◆ **Your task**:
State how many lines of the entries hold the string "Black". Reply with the number alone.

Crawled caption data
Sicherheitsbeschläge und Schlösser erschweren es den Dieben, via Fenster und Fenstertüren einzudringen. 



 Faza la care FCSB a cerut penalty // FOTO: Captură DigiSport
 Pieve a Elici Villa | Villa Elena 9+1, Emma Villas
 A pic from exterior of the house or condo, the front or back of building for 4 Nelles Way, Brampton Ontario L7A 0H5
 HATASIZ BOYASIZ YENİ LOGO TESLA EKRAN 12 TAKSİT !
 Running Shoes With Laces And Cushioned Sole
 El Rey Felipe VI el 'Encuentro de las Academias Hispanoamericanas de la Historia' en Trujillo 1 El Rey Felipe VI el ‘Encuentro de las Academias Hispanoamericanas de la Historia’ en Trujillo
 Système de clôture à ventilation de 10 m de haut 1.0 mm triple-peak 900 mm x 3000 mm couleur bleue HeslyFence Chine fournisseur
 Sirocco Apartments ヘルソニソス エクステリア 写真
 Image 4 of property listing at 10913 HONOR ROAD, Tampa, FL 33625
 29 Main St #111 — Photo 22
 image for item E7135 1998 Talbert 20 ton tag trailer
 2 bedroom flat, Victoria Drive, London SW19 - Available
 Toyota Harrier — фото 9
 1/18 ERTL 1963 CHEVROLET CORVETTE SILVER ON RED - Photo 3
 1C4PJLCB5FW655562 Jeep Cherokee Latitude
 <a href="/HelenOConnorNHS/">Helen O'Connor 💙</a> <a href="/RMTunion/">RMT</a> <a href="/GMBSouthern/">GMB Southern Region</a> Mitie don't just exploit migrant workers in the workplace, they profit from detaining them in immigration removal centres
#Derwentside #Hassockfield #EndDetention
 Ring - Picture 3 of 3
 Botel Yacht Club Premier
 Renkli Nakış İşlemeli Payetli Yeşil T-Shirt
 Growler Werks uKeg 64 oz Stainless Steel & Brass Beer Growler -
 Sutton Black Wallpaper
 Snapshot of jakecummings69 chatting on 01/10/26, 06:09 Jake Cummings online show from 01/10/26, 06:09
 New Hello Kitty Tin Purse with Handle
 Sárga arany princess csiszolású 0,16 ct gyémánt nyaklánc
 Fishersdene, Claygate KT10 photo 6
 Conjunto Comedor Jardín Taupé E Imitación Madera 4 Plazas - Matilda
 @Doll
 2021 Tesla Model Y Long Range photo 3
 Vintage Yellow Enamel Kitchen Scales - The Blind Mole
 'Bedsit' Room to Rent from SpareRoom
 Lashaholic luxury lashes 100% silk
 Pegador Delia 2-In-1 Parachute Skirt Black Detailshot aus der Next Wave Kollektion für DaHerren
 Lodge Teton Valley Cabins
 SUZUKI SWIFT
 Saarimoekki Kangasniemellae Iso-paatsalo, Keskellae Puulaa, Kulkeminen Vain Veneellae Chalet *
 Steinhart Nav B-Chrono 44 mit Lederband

◆ **Answer to the problem**:
2